Submitted Review

Georgia Morgan 'Fermented Preserves'

  • Bett Gallery • Hobart

  • 09 April—30 April 2021

  • Briony Downes • Published 13 April 2021

  • Commissioned Article

Installation images Georgia Morgan ‘Fermented Preserves’, Bett Gallery.

‘ordinary materials can transcend their humble origins’

Directly down the centre of the gallery is a long white table filled to the edges with tall, vase-like ceramic vessels reaching up over smaller, wide-mouthed pots. Each appears handmade and is covered with bold and colourfully painted images of animals and plants. Red hibiscus flowers burst across the surface of one particularly vivid pot while others feature durian fruit, fish, horses and lashings of fluidly painted-on text. The arrangement is reminiscent of a market stall or a lab table displaying the spoils of an archeological expedition waiting to be deciphered.

This collection of embellished ceramics is the centerpiece of Georgia Morgan’s exhibition, Fermented Preserves. The culmination of time spent working with curators and artists as part of the 2019 Bett Gallery Graduate Award, Fermented Preserves is Morgan’s first solo exhibition in a commercial gallery. In addition to the ceramics, on the surrounding walls are a series of photographs and paintings. The paintings reference the iconic Asian food brand, Ayam, and also include recipes written in spray paint and marked out by blocks of colour at varied intervals. This Dream is Real, 2020 is a photograph of Morgan standing next to a palm tree on the bank of a river. On closer inspection, it becomes clear the palm tree is made of strips of dark green plastic and curved tendrils of tubing. Draped around Morgan is not cloth but yellow netting and a blue tarp.

Morgan has a penchant for using unexpected materials throughout her practice, which extends across sculpture, video, installation, painting and photography. A pivotal point of influence for Fermented Preserves was a trip to Malaysia that Morgan undertook in 2018. While there, she searched for her Tamil mother’s childhood kampong (village), a place her mother speaks of frequently when recounting family history. During this time, Morgan came upon a local Hindu temple, constructed from slabs of concrete and a blue tarpaulin. Despite its simple construction, Morgan sensed its importance as a sacred space. Soon after, Morgan began using materials like concrete, netting and tarpaulin in her creative practice as a way to build spaces and objects of meaning. What she is most interested in is the way ordinary materials can transcend their humble origins to become something more.

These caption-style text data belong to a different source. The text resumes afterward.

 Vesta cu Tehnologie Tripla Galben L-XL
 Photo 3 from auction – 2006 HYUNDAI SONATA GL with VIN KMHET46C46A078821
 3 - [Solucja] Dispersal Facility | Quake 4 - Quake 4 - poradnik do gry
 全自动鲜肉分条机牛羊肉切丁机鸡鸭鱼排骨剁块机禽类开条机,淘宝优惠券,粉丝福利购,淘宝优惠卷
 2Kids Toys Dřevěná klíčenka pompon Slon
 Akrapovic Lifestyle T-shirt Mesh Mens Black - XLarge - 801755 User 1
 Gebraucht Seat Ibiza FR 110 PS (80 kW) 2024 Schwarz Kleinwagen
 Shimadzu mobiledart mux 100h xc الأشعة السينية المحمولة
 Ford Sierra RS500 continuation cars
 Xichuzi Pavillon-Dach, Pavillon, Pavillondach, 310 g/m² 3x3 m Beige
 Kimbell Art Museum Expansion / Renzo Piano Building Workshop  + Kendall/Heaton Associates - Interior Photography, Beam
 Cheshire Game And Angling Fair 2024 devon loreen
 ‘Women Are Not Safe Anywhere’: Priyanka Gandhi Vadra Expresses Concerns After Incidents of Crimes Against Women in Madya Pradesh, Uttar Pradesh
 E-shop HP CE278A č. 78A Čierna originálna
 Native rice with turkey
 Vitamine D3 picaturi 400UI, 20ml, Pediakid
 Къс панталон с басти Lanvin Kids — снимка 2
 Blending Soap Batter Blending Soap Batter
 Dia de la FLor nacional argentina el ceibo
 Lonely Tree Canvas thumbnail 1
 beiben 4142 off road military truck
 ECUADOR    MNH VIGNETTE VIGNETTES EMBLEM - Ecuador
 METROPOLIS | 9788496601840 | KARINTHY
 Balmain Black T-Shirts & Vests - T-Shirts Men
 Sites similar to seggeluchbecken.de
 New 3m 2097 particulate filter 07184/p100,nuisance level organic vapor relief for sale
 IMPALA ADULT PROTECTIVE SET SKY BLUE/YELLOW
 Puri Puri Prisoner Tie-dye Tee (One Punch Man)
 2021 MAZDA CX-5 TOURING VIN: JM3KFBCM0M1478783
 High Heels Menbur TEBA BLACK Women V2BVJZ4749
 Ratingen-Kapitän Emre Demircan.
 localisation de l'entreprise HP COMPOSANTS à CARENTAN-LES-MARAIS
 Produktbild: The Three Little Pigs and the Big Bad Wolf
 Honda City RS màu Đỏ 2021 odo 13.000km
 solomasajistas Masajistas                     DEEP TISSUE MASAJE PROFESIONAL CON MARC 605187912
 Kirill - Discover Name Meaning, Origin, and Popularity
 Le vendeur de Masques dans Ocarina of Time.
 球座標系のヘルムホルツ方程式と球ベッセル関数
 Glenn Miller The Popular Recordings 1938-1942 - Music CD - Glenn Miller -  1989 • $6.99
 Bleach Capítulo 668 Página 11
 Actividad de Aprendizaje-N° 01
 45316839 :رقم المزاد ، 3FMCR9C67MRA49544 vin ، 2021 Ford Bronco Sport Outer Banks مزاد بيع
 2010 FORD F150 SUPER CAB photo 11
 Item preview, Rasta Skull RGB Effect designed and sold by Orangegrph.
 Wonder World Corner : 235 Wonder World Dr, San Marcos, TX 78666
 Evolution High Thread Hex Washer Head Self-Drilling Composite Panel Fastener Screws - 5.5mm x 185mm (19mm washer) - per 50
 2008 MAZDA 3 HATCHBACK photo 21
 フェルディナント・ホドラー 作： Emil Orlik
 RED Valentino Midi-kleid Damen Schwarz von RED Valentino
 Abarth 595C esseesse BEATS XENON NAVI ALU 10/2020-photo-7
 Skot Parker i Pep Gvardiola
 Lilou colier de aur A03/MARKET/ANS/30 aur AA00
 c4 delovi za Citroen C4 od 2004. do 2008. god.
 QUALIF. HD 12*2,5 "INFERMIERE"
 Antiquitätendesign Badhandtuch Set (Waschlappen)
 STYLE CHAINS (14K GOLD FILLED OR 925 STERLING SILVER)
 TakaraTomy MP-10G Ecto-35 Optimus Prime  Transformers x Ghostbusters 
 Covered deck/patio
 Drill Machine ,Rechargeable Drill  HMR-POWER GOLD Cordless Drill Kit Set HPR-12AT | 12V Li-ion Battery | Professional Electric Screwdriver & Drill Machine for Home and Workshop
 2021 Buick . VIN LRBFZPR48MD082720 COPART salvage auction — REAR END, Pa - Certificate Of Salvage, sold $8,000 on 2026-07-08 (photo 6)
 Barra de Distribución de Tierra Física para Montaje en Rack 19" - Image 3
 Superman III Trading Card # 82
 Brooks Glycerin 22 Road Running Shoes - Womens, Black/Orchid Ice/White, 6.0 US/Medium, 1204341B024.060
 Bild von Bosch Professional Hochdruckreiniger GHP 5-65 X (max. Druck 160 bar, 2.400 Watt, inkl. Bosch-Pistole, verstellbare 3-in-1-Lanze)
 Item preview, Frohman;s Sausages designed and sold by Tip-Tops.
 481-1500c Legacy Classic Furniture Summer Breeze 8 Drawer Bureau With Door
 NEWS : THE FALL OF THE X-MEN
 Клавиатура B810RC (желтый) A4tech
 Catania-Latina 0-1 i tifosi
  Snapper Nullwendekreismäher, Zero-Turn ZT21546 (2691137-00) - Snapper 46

In Fermented Preserves this is most effectively illustrated in Morgan’s photographs of found objects, Rooster (Ayam Brand deity #1), 2020 and Sardine (Ayam Brand deity #2), 2021. Visually riffing on the Ayam rooster logo, Morgan has brought together pipes, traffic cones, garden hosing and gumboots into the abstract shape of a rooster. Similarly, Sardine presents a vertically positioned army green sleeping bag stuck with blue netting and topped with a large plastic visor to signify an open tin of sardines. Each of these assemblages are much larger than their real-life counterparts, alluding to the god-like status Morgan has assigned to them.

While there is a sense of deliberate construction in the photographed assemblages, Morgan creates her ceramic pieces intuitively. The finished objects are not exact replicas of real items but imagined objects, tangible forms built from memory and the oral histories passed down from her mother (who left Malaysia for Sydney carrying few personal possessions or photographs). Responding to this lack of visual documentation and physical heirlooms relating to her maternal heritage, in the ceramics and images of Fermented Preserves Morgan brings into existence a uniquely personal and deeply meaningful mythology that slips unapologetically between memory and reality.